Nuttapon Nimmanphatcharin, the institute’s vice-president, said the food industry had strong potential to compete with the global market at a time when exports are expected to grow substantially.
To achieve its 20-year goal, Thailand should enter the top 10 of food exporters within a decade. This would require exports valued at THB2.3tr, said Nuttapon. Doing so would require investment in technology to bring food quality improvements, allowing Thai manufacturers to penetrate new markets.
"The government is trying to promote Thai food producers to have sustainable businesses by using advanced technology and innovations," Nuttapon added.

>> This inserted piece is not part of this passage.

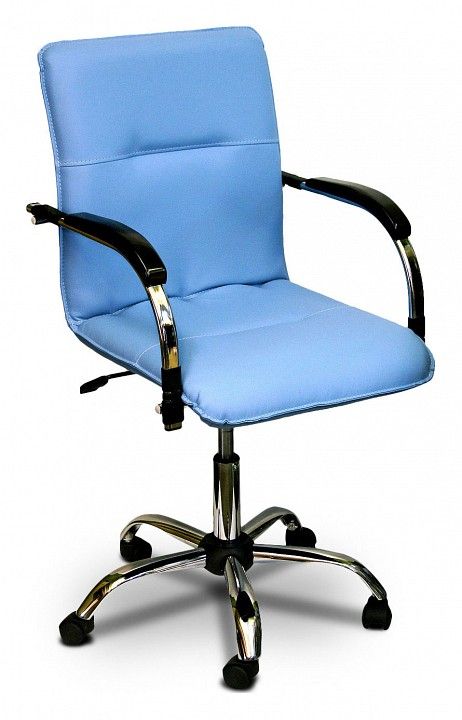 кресло компьютерное  самба-кресло  светло-голубой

The government has placed food among the 10 targeted industries it will support as part of its new economic model. It expects food exports to grow by 8% next year largely because of a higher export volume of rice, canned tuna, sugar, ready-to-eat food, seasoning products, fruit juices and cassava starch.
At the same time, demand for Thai food is expected to increase in several major markets, while rising demand in Asean countries could boost exports.
The Federation of Thai Industries estimates that Asean accounted for 28.4% of food exports in the last year, followed by shipments to Japan (13.9%), America (11.9%), Europe (10%), Africa (9.1%), China 8%, Australasia (3.6%), the Middle East (3.4%) and South Asia (1.1%).
The FTI expects a stable currency rate of around THB35 per American dollar next year, which would helping to add competitiveness to Thai food exports.
"Next year, the FTI does not foresee any negative impacts that would prevent the sector from rising," he said.